+++ INPUT DATA +++

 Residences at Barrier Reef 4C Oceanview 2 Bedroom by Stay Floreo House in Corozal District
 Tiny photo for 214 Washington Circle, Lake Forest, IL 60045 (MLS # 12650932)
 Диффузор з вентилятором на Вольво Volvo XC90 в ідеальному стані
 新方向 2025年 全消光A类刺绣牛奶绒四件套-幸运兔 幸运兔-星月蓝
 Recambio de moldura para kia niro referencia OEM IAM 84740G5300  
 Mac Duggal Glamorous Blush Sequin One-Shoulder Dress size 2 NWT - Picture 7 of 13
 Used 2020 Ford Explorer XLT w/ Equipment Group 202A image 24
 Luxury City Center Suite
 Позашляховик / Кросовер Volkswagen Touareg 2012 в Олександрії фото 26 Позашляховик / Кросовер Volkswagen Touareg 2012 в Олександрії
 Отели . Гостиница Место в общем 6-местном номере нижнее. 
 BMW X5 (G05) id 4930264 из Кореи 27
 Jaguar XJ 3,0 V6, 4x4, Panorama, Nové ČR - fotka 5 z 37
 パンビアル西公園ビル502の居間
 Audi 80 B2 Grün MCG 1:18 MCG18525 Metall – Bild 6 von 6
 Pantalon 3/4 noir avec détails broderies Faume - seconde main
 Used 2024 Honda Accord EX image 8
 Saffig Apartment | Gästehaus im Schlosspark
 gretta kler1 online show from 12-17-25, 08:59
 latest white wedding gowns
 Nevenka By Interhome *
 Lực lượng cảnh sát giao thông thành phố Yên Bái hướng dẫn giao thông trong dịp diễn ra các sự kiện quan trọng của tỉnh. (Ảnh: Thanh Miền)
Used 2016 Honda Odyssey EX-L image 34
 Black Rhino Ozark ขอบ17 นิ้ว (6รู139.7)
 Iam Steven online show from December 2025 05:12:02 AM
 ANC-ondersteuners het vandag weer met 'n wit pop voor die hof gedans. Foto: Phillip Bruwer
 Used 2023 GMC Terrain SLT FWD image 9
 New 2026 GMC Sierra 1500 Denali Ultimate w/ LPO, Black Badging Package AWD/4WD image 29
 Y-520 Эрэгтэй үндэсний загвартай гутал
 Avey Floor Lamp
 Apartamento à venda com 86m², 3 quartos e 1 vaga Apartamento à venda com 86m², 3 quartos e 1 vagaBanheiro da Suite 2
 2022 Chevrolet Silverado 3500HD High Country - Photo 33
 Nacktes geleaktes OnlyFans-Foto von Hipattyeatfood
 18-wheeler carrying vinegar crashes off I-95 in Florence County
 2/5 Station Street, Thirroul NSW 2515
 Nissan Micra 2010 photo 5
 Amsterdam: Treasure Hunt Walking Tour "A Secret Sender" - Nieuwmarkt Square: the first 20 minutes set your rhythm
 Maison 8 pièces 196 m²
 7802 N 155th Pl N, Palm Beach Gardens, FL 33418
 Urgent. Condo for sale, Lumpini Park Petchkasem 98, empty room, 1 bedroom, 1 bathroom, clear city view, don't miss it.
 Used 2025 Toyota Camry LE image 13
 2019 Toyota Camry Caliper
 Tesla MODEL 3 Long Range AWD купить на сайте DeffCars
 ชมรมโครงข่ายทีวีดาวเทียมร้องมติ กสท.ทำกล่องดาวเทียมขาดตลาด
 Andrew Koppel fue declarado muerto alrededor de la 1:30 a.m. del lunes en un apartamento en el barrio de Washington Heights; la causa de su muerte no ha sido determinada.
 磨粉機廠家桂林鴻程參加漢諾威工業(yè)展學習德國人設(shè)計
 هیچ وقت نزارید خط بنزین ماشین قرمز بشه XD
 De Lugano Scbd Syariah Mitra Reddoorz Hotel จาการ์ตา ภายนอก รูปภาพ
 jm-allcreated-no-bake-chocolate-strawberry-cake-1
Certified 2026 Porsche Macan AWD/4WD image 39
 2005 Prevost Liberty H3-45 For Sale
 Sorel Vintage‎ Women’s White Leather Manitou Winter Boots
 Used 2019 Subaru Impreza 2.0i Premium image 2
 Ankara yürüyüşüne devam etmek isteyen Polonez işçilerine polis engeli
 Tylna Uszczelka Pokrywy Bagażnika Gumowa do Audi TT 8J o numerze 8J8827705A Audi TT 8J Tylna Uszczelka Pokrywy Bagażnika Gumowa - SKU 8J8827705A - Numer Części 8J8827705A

+++

WHAT IS NEEDED
Your answer must be the lines above from the one containing "Used 2024 Honda Accord EX image 8" to the one containing "7802 N 155th", both included, restated word for word.

SOLUTION TO THIS EXERCISE
 Used 2024 Honda Accord EX image 8
 Saffig Apartment | Gästehaus im Schlosspark
 gretta kler1 online show from 12-17-25, 08:59
 latest white wedding gowns
 Nevenka By Interhome *
 Lực lượng cảnh sát giao thông thành phố Yên Bái hướng dẫn giao thông trong dịp diễn ra các sự kiện quan trọng của tỉnh. (Ảnh: Thanh Miền)
Used 2016 Honda Odyssey EX-L image 34
 Black Rhino Ozark ขอบ17 นิ้ว (6รู139.7)
 Iam Steven online show from December 2025 05:12:02 AM
 ANC-ondersteuners het vandag weer met 'n wit pop voor die hof gedans. Foto: Phillip Bruwer
 Used 2023 GMC Terrain SLT FWD image 9
 New 2026 GMC Sierra 1500 Denali Ultimate w/ LPO, Black Badging Package AWD/4WD image 29
 Y-520 Эрэгтэй үндэсний загвартай гутал
 Avey Floor Lamp
 Apartamento à venda com 86m², 3 quartos e 1 vaga Apartamento à venda com 86m², 3 quartos e 1 vagaBanheiro da Suite 2
 2022 Chevrolet Silverado 3500HD High Country - Photo 33
 Nacktes geleaktes OnlyFans-Foto von Hipattyeatfood
 18-wheeler carrying vinegar crashes off I-95 in Florence County
 2/5 Station Street, Thirroul NSW 2515
 Nissan Micra 2010 photo 5
 Amsterdam: Treasure Hunt Walking Tour "A Secret Sender" - Nieuwmarkt Square: the first 20 minutes set your rhythm
 Maison 8 pièces 196 m²
 7802 N 155th Pl N, Palm Beach Gardens, FL 33418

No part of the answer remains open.